Mr. O'Connor, I think, has brought with him a number of branches of pecans grown in Maryland.
MR. O'CONNOR: I have some hazels and also some chinkapins.
THE SECRETARY: Have you any pecans fruiting down there this year?
MR. O'CONNOR: Several nights of frost hurt us pretty bad this spring. We have one tree that has got a few pecans on this year; last year the same tree had over a hundred; this year it hasn't got more than a dozen, but it promises to have a heavy crop next year.
THE PRESIDENT: What variety of pecans?
MR. O'CONNOR: If I am not mistaken, it is the Indiana. There are several trees that promise to bear heavily next year. In the spring we had a severe frost for seven nights in succession and that hurt our trees pretty bad. We are in the frost belt down there. Last year we didn't have any apples or peaches; this year we have some apples and some peaches but the grapes were severely hurt by the frost, also there are very few walnuts on the trees this year.
MR. CORSAN: From traveling around as much as I do I can vouch for that gentleman's statement in regard to the frost.
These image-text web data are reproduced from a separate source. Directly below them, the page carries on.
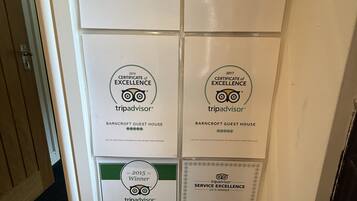 En væg med flere TripAdvisor-diplomer for udmærkelse for Barncroft Guest House fra 2013 til 2018.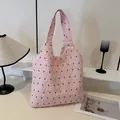 Pink bubble textured tote bag with small black patterns and feminine bow style - Pink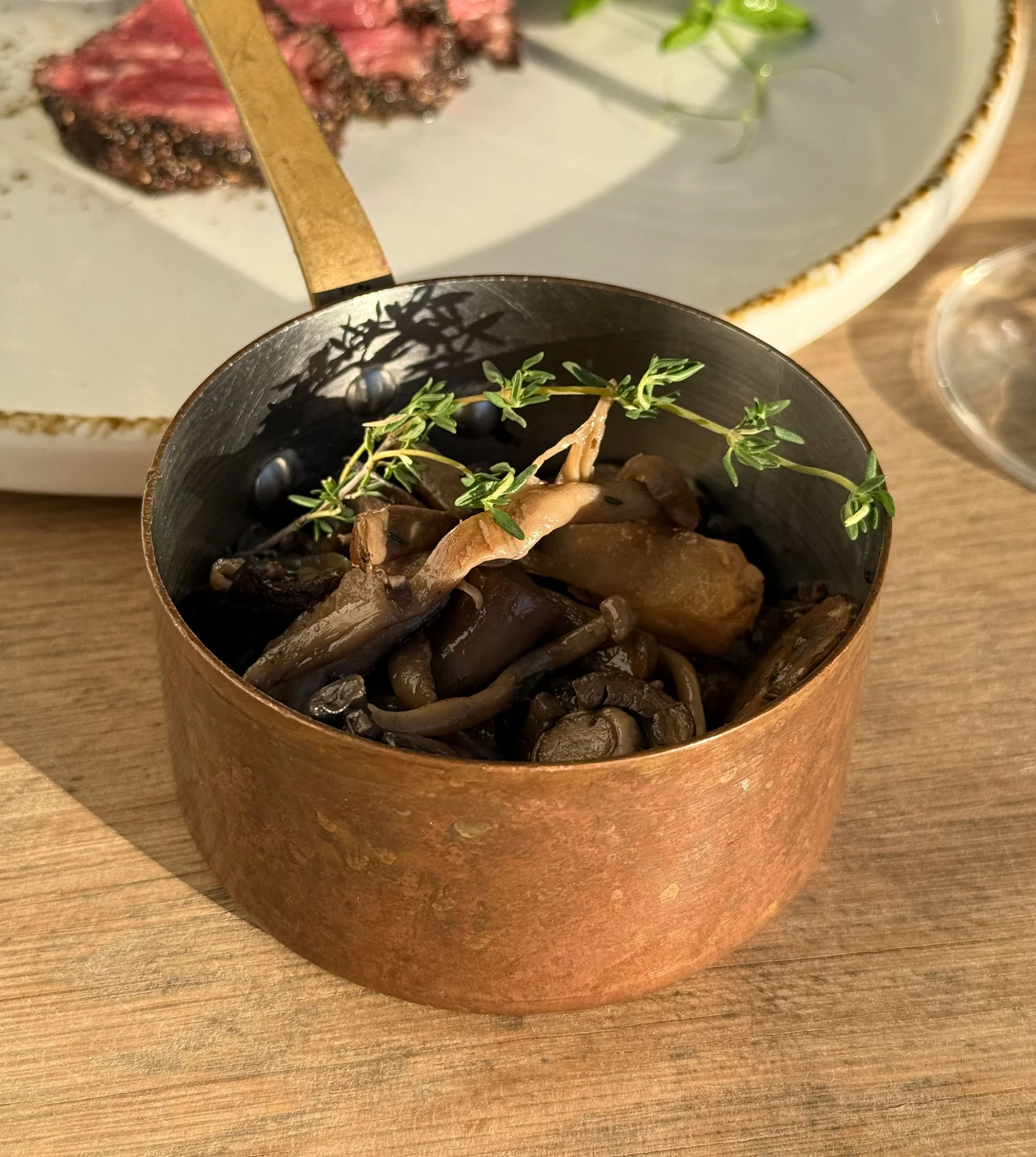 A close-up view of a copper-colored metal bowl with a rustic finish containing a plant with small green leaves, sitting on a wooden table. In the background, a ceramic dish with a white interior and brown rim is visible, holding a piece of cooked meat and some greens.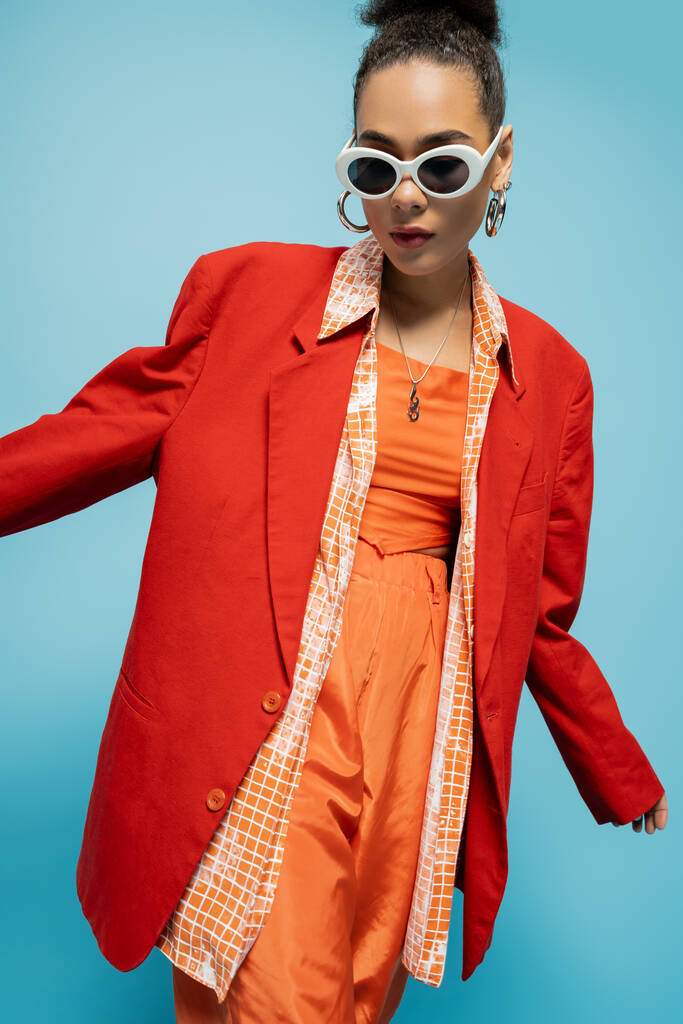 karizmatikus afro-amerikai nő divatos napszemüveg és élénk ruhát pózol a kék háttér - Fotó, kép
I was up in the extreme northern part of the United States, northern New York, and I never saw such a crop of hickory nuts in my life and I have gathered nuts since I am able to remember. I have also seen more peaches up in Ontario and even north of Ontario. When you talk about frost and the South having such an advantage over the North, it is entirely wrong; I have had that idea knocked out of me for a good many years.
THE SECRETARY: I wish also to say that I brought here a small branch from the Hartford pecan tree bearing two nuts. The Hartford pecan tree is undoubtedly the largest pecan tree in the North. It is about ten feet in circumference, over seventy-five feet high and has a very large spread. I will ask Mr. Weber if he will give us the account again of the finding of that black walnut in the river and tell us the result of his investigation.
MR. WEBER: Whenever I come across a black walnut I want to open it up and see what it looks like inside. Following that custom when I found a walnut that had lodged against the dyke north of the central part of the city, I was surprised when I opened it because the partitions were very thin, like an English walnut. Later on I found another similar nut lodged against the dyke of the river about a quarter of a mile along. Then through a statement in the paper and an advertising campaign we tried to locate the tree. Finally we got the name of a man in Floyd, Va., who said he knew of the existence of such a tree, but a few years previously they had cleared the land and it had been cut down. So that finished that. But he gave me the name of the man who had owned the place and said that there were some other trees that had originated there and that they were bearing. It is down in Virginia at the extreme western end and off the railroad and rather hard to get to. I thought possibly on my way home I would get there this trip.